### Problem statement
Nothing but a number should be written: the count of lines below that contain "Office".

(Collected data entries)
↓

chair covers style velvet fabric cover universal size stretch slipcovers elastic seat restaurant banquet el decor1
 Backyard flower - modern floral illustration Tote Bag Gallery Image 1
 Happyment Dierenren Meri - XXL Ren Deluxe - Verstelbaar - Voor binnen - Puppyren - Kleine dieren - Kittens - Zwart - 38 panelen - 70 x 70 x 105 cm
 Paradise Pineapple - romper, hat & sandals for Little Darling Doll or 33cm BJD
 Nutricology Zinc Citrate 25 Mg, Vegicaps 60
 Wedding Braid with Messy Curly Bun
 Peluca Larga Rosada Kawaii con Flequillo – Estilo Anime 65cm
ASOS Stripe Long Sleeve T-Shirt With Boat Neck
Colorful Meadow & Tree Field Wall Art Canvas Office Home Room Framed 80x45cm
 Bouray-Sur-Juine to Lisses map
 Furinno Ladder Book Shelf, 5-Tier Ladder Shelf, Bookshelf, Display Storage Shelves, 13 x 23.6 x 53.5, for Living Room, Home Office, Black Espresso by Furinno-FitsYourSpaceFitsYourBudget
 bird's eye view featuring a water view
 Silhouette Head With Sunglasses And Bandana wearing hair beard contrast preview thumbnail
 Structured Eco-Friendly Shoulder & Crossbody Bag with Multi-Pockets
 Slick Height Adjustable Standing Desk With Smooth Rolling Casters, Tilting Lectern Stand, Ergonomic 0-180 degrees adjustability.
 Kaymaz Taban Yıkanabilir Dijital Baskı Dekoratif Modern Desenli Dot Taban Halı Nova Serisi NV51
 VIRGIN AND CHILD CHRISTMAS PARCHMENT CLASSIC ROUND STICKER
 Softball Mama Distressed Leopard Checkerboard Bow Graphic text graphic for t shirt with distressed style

↑

### Exercise response
2